The reason people want M.F.A.’s,
take workshops with fancy names
when all you can really
learn is a few techniques,
typing instructions and some-
body else’s mannerisms
is that every artist lacks
middle stanzas from Marge Piercy, “For the young who want to,” 1980
a license to hang on the wall
like your optician, your vet
proving you may be a clumsy sadist
whose fillings fall into the stew
but you’re certified a dentist.
We were in Burlington last Thursday, stocking up on some groceries we can’t get locally. I joined Nora in the checkout at Healthy Living, putting cheeses and unusual produce onto the conveyor, and spotted this month’s Poets & Writers at the checkstand. (You can tell a lot about the nature of a grocery store by what they consider plausible impulse purchases.) So, on impulse, I bought it.

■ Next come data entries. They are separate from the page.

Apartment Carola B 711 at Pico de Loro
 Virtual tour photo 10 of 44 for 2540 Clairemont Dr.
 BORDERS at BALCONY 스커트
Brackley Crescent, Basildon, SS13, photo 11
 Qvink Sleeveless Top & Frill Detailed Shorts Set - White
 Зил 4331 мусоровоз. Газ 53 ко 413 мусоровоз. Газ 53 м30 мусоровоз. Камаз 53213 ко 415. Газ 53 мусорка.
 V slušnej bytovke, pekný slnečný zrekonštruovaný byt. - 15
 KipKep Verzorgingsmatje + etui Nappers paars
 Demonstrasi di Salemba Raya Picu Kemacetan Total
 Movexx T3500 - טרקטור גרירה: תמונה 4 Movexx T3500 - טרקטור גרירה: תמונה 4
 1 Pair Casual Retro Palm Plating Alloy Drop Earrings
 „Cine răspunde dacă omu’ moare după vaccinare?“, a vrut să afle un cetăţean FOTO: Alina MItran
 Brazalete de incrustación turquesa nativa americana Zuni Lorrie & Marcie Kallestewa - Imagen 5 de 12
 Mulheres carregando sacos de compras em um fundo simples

I think the magazine exists any more to advertise MFA programs. A quick count shows 37 display ads for MFA programs, 59 display ads for workshops and conferences, and eleven display ads for contests, along with pages and pages of classified ads for contests at twenty or thirty bucks entry fee each. It’s an aspirational magazine, for those of us who want to.
I’ll admit, I’ve been tempted to enroll in an MFA program myself now that I’ve been writing fiction seriously for a few years. And every time I think to myself, what is that sixty thousand or eighty thousand dollars going to buy me?
Enrolling in an MFA program purchases three guaranteed things:
- Smart people to talk about books and stories with
- Deadlines
- About a dozen or so people, faculty and fellow students, who have to read your work carefully and think about what it’s accomplishing
That’s really it. The credential itself doesn’t accomplish much, especially in an academic job market where permanent hires in creative writing are scarce as four-leaf clover. The networking varies, as networking always does, with the horsepower of the school. If you go to an MFA program with a bunch of faculty who all publish in “the little journals,” then those are the doors they might be able to help you open as well. If you go to the University of Michigan’s MFA, they have keys to bigger doors. (And they don’t advertise in Poets & Writers, because they don’t need to. They already get sixty applicants for every student spot.)
The thing is, writing is just hard. We have to create the entire structure all over again every time we sit down to work, have to make our own deadlines and pretend they matter. We have to read other writers and try to figure out what it is that they’re doing, for better and worse. Finding readers is maybe even harder. And there are days when the structure is so far beyond our grasp, and readers are so difficult to even contemplate, that sixty thousand dollars feels like a fair rate.
I’ve done three writers’ conferences as well, one a great big name that cost $3,500, the other two more humble events that cost about $1,000 and $1,500. And they’re selling the same things: colleagues, structure, and readers.
We are a gullible lot, we writers, we aspiring artists. We have entered into work for which we are perpetually unprepared, and will remain forever. We want to believe that the work is knowable and achievable, and so we buy a knowable and achievable structure, even though it’s only a proxy for what we really want, only the box that the work can fit inside.
We’ll talk tomorrow about other ways of achieving the same three goals without spending quite so much money.